▸ **TO DO**
The material below includes pictures; leave them out and return only the lines between the line containing "beagle freedom1" and the line containing "bedroom with a", inclusive, word for word.

(RECORDS PROVIDED)

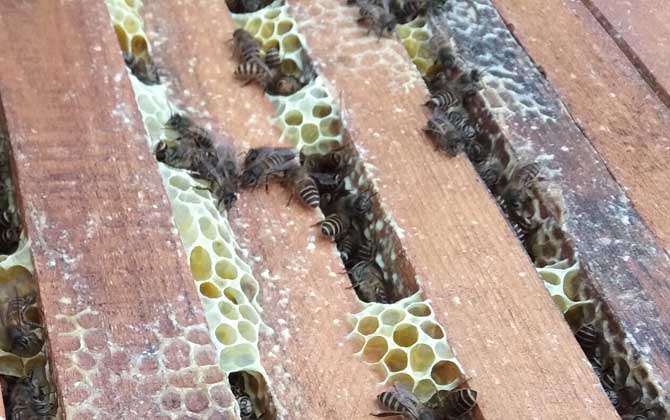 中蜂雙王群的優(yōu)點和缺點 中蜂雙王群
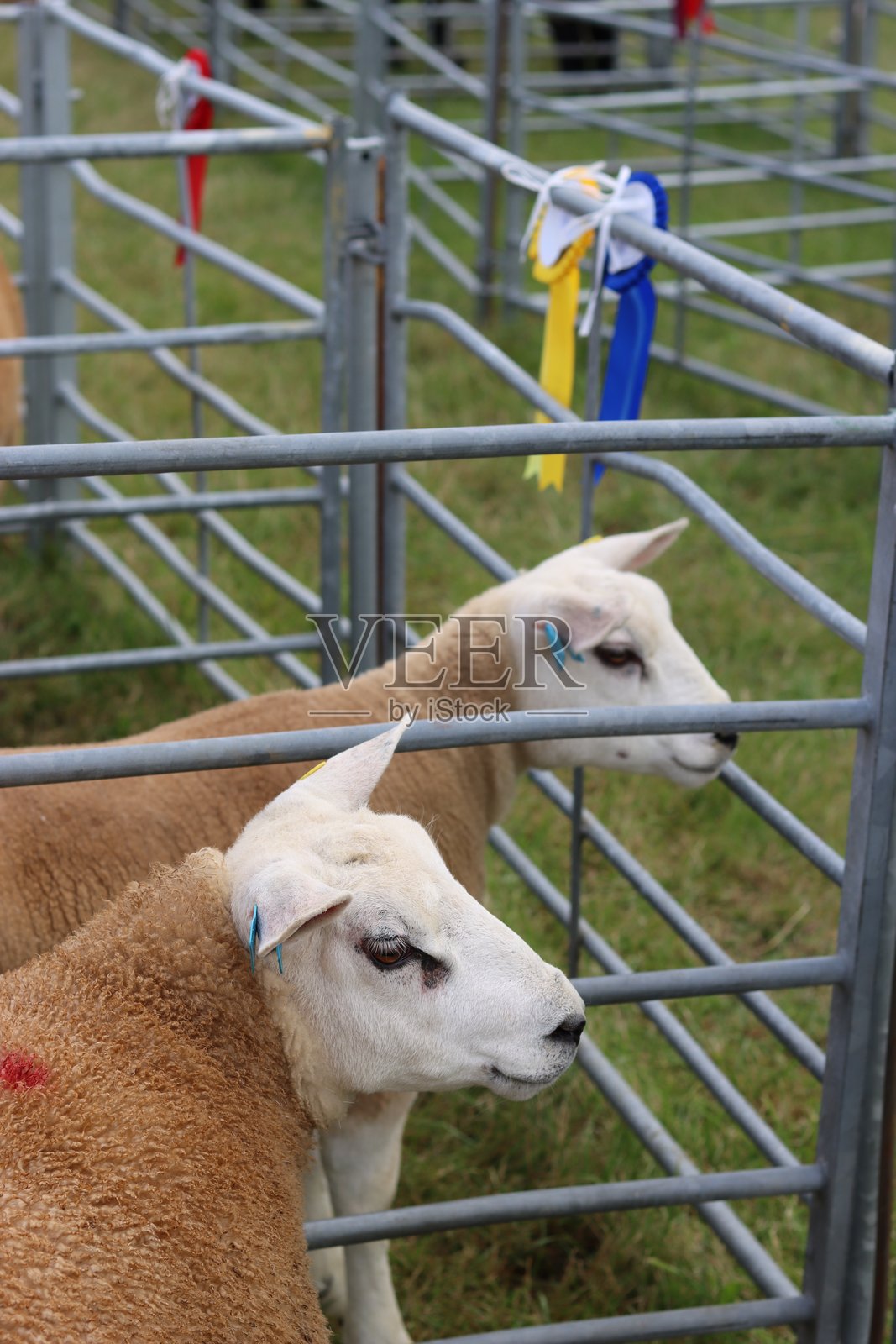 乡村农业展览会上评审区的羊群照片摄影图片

(End RECORDS PROVIDED)
(RECORDS PROVIDED)

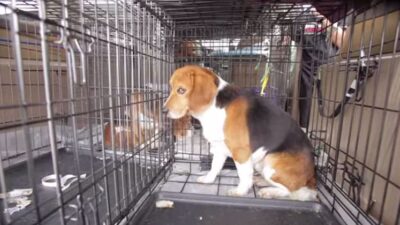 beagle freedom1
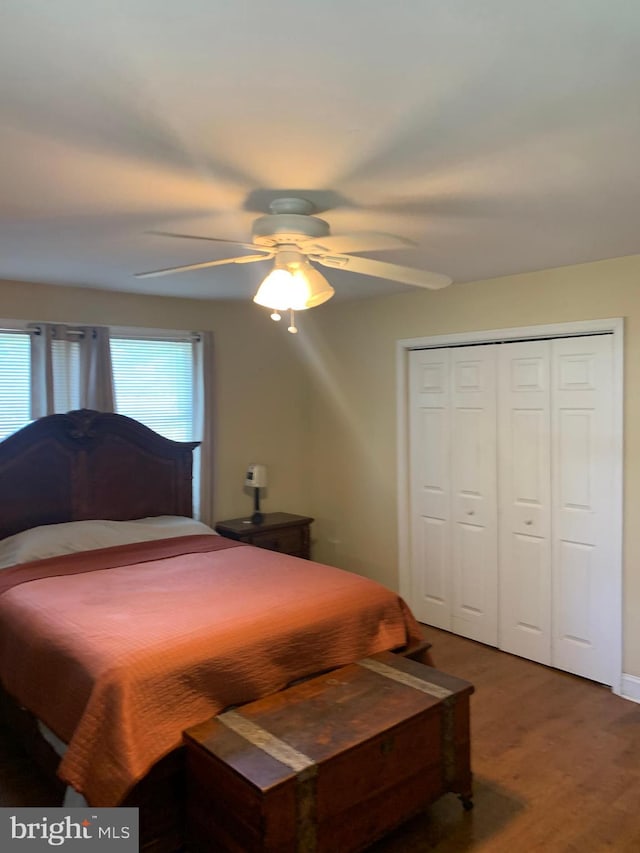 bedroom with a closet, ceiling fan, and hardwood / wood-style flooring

(End RECORDS PROVIDED)
(RECORDS PROVIDED)

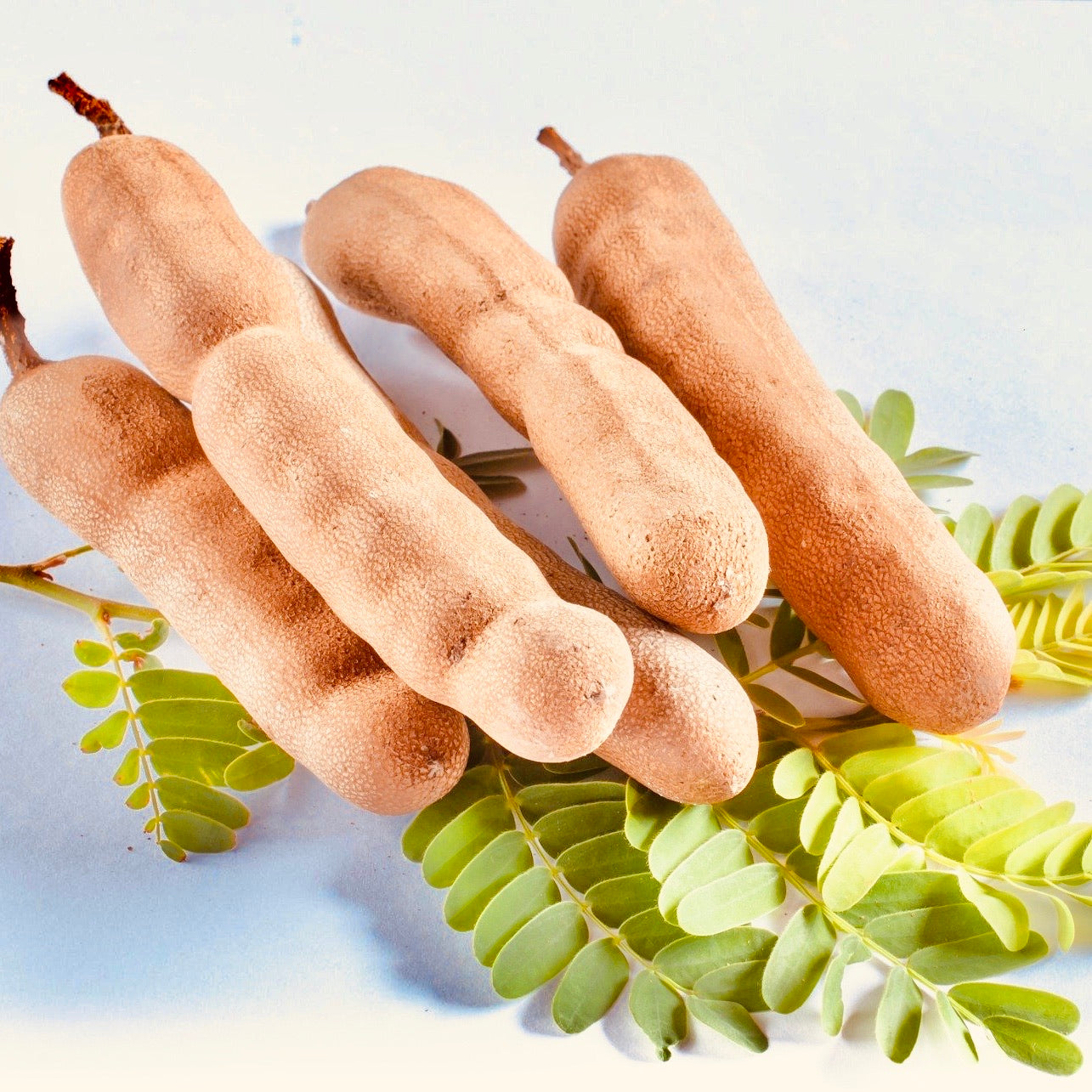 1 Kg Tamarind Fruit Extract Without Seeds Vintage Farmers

(End RECORDS PROVIDED)

▸ **RESULT OF THE EXERCISE**
 beagle freedom1
 bedroom with a closet, ceiling fan, and hardwood / wood-style flooring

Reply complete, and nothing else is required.